**WORK INSTRUCTIONS**. Only the lines below from the one with "Well-built Damon Heart" through the one with "Die Gewinner der" are to be written out, exactly and without any images.

**EXCERPTED DATA**.
----------------------------------------
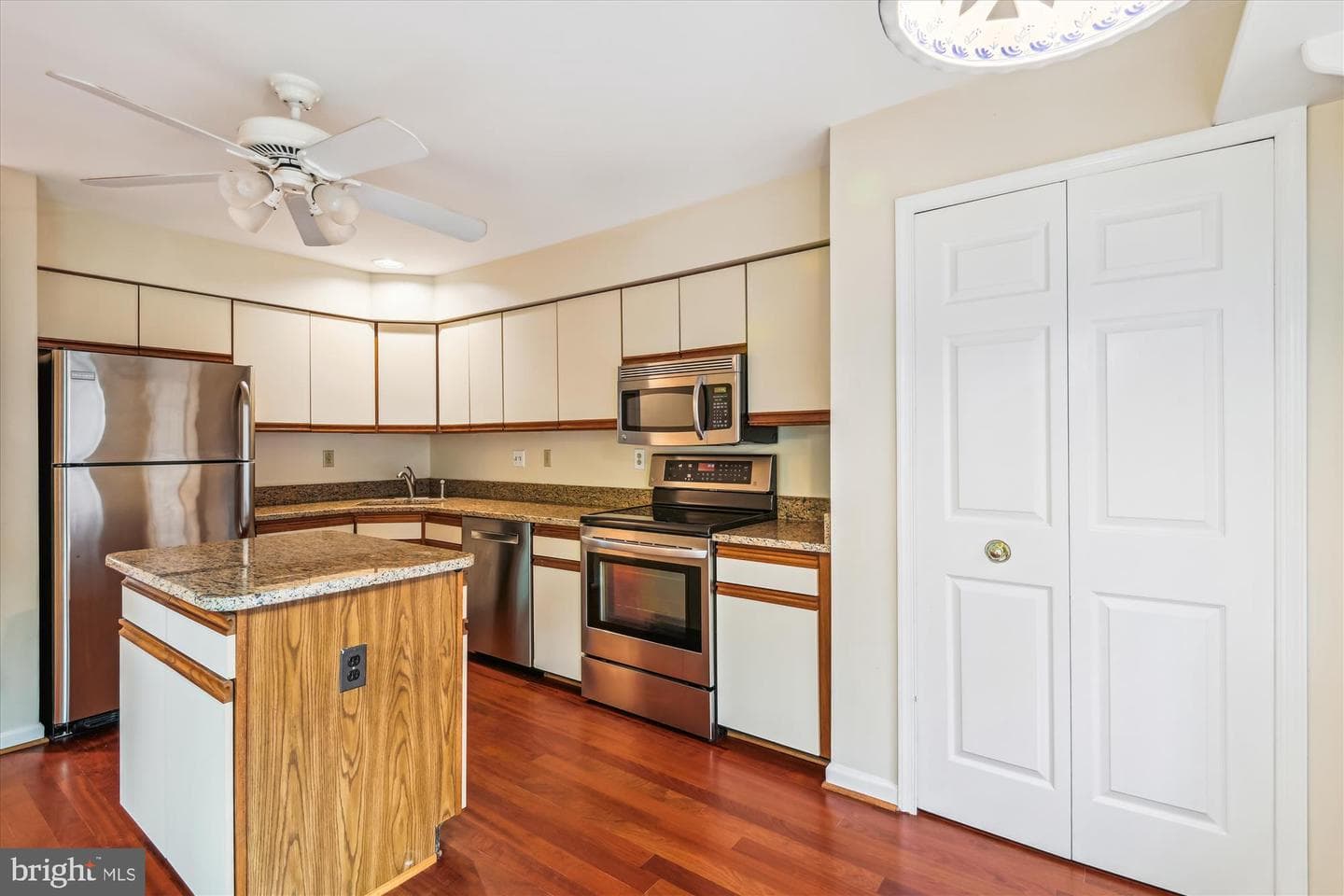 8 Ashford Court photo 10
----------------------------------------
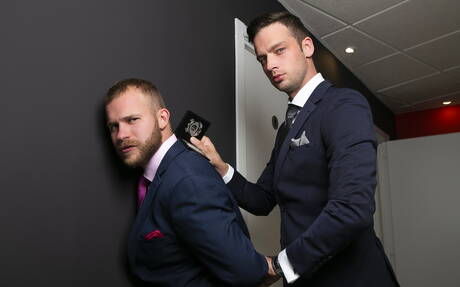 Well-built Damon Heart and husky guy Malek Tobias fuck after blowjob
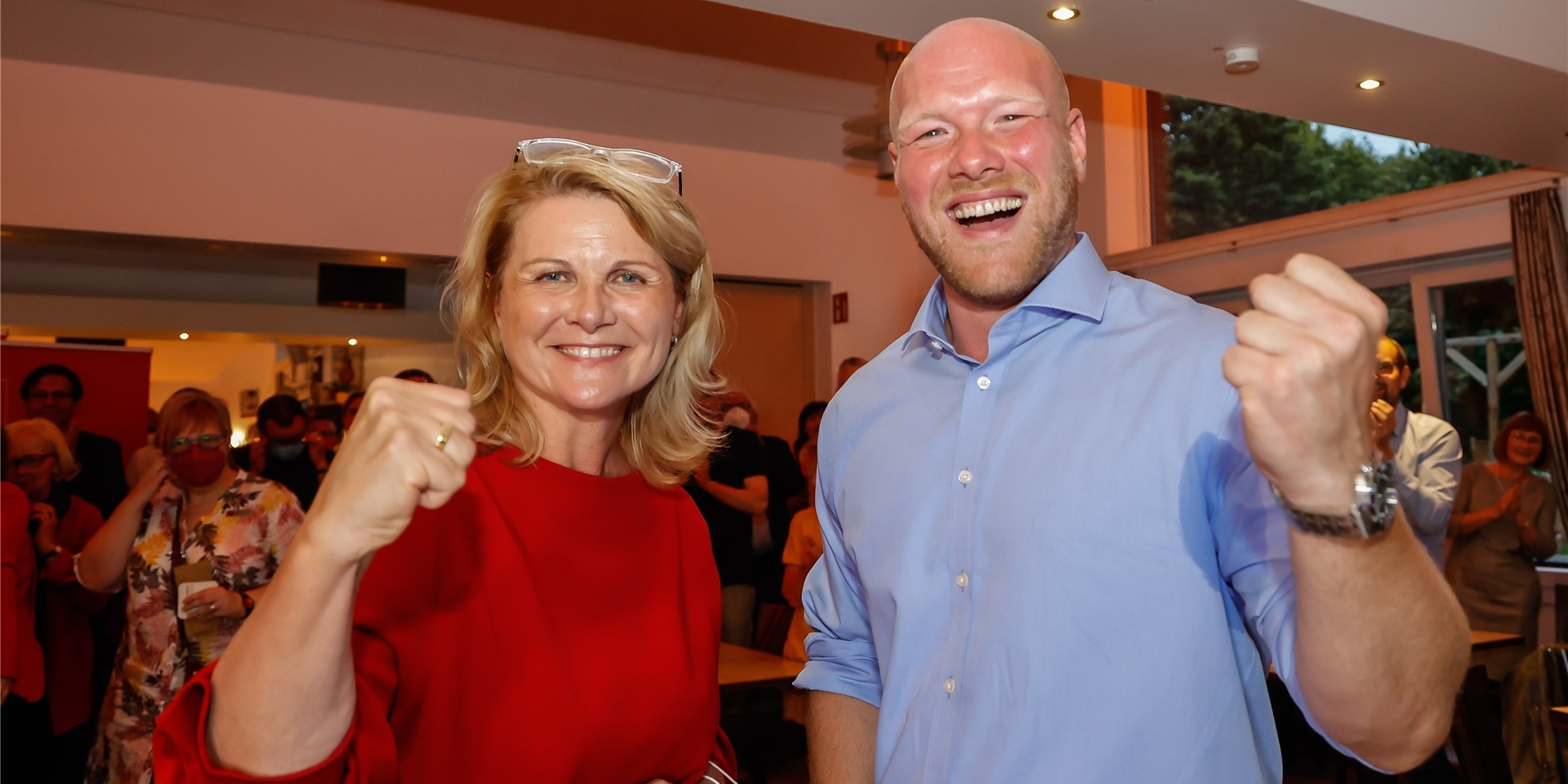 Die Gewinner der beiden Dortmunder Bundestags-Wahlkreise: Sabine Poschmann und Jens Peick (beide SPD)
----------------------------------------
**RESULT OF THE TASK**.
 Well-built Damon Heart and husky guy Malek Tobias fuck after blowjob
 Die Gewinner der beiden Dortmunder Bundestags-Wahlkreise: Sabine Poschmann und Jens Peick (beide SPD)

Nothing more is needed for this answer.